The fields in the json are not directly available as column here. You have to use the json query to extract the required information from incoming JSON string.

1) Set the JSON Field to 'String'

2) Edit Schema and add the column_name that you want to extract. Column names can be whatever you want, you will be using these later 

3) Once you create columns in the edit schema, they will appear in the mapping pallet as shown below.

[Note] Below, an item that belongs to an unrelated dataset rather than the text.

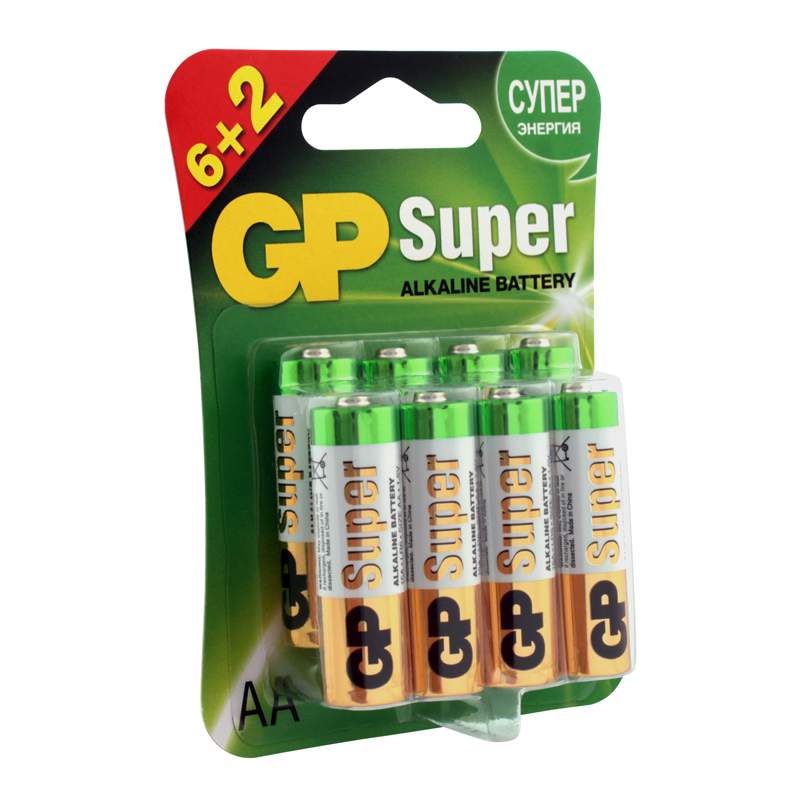 Батарейка GP Super AA (LR06) 15A алкалиновая, BC8, комплект 16 батареек (2 упак. х 8шт.) батарейка gp ultra aa lr06 15au алкалиновая bc4 комплект 12 батареек 3 упак х 4шт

4) use proper json query for each column, json query will define what value the columns will hold.

 

0683p000009M0pq.png

 

 

 

 

 

 

 

 

 

 

 

 

if you are not familiar with JSON structure and JSON query I suggest you read 

https://goessner.net/articles/JsonPath/

 

I used this to understand structure of my json output

http://jsonpath.com/

 

in the very beginning I used postman app in google chrome to see the output of my REST call,  understood the output and identified the properties I was interested. Then created the json queries there and tested the same in Talend. 

Parikhharshal
Creator III
Creator III

@gr44: Thanks a lot for for your explanation. One last question hopefully.....In my case I have for many fields to be extracted from jason input. However, in this case I still need to keep next_url as a column right otherwise there is no way I can pass next_url. May be I did not understand well though you explained the use of next_url in your case.

Gourav_King_of_DataLand
Contributor II
Contributor II
Author

Yes, you need to extract the attribute from JSON output containing the URL for next page. In my json output the URL to go to next page was called "next_url" and I created the column with the same name.

Parikhharshal
Creator III
Creator III

@gr44: In my case, for going to next URL is going to be per_page entry ie 100 and no. of page=2 in this example and also student_id which I need to populate dynamically. https://abc.com/api/v1/courses/160/analytics/student_summaries?per_page=100&page=2

 

And apart from this other attributes not for URL but writing data to DB. Does it mean I will have to capture number of pages and student id as column?

 

What about the other columns which exist at source which needs to be written to DB?

Anonymous
Not applicable

I'm not sure I understand the parameters. What is the difference between "per_page" and "page"?

 

To write other attributes back to a database, you have several options. You can dump the entire JSON to a tHashOutput (set to append mode) and then read it all back and interrogate it from a tHashInput component linked to it. This will be a subsequent subjob and may be easier to understand for a future developer to inherit.

 

Alternatively, you could use the tExtractJSONFields to extract all of the data you wish to extract and write this straight to your DB or (similar to the above) write it to a tHashOutput and deal with loading it to your DB in a later subjob.